哲学を学ぶ最良の学校は夕食の食卓です。私には今、24歳と22歳になる2人の息子がいて、2人とも大学院で学んでいますが、彼らが幼いときから、家族でよく議論をしました。ときにはニュース、ときには学校や家庭であった出来事を題材に、その状況の下で何が正しいのかを論じあうのです。
例を2つあげます。1つ目は、野球チームに入ってプレーに熱中していた子どもたちを、私と妻がもっと試合に出してやりたいと望んだときのことです。両親が監督に直接電話をして文句を言った方がいいのか、それとも息子たち自身に監督とかけあわせるべきか、が議題になりました。
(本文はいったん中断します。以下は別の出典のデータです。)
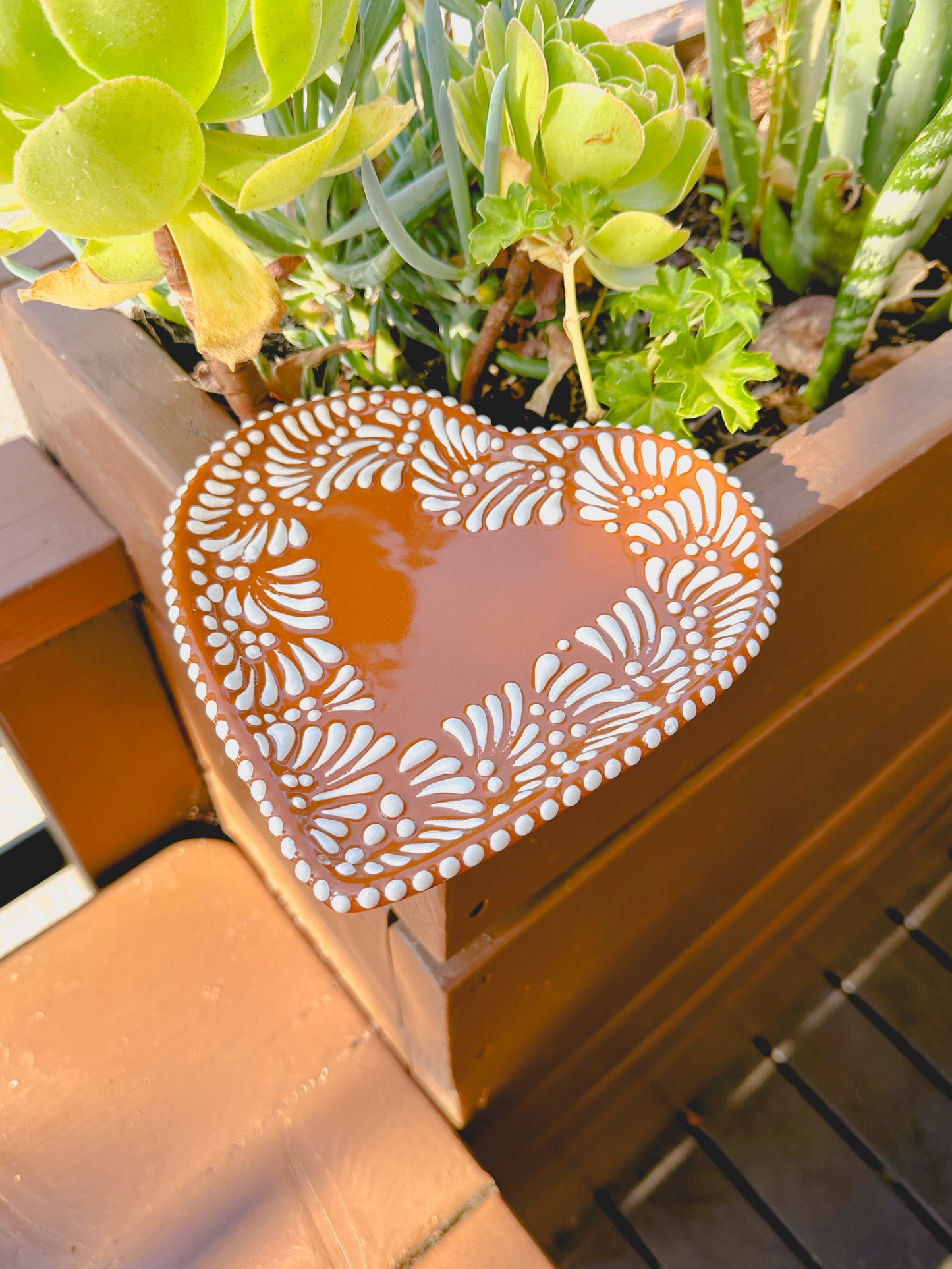 Talavera Heart Plate (Dark Brown)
もう1つは、7~8年前の話です。中国の首脳がハーバード大学に来て、演説をすることになりました。私は大学を代表して、その後に質問をする役をおおせつかったのですが、1つ問題がありました。質問はあらかじめ提出しておかなければならず、その場の思いつきでしてはいけない決まりだったのです。そのような制限が加えられた状況で、私は演説に参加すべきかどうかがテーマになりました。そして、家族で評決をした結果、ノーということになり、私はその演説に参加しませんでした。家族の決定は重要ですからね。
■マイケル・サンデル 1953年米国ミネアポリス生まれ。ハーバード大学教授。ブランダイス大学を卒業後、オックスフォード大学で博士号を取得。80年代にリベラリズムを批判するコミュニタリアン(共同体主義者)の論客として脚光を浴びる。2002年から05年のブッシュ政権下では大統領生命倫理評議会委員を務めた。ハーバード大の講義「正義」は同大史上最多の履修者数を誇る人気科目で、その様子を記録したテレビ番組が今年、日本でも「ハーバード白熱教室」としてNHK教育テレビで放映された。著書に「リベラリズムと正義の限界」、「これからの『正義』の話をしよう」などがある。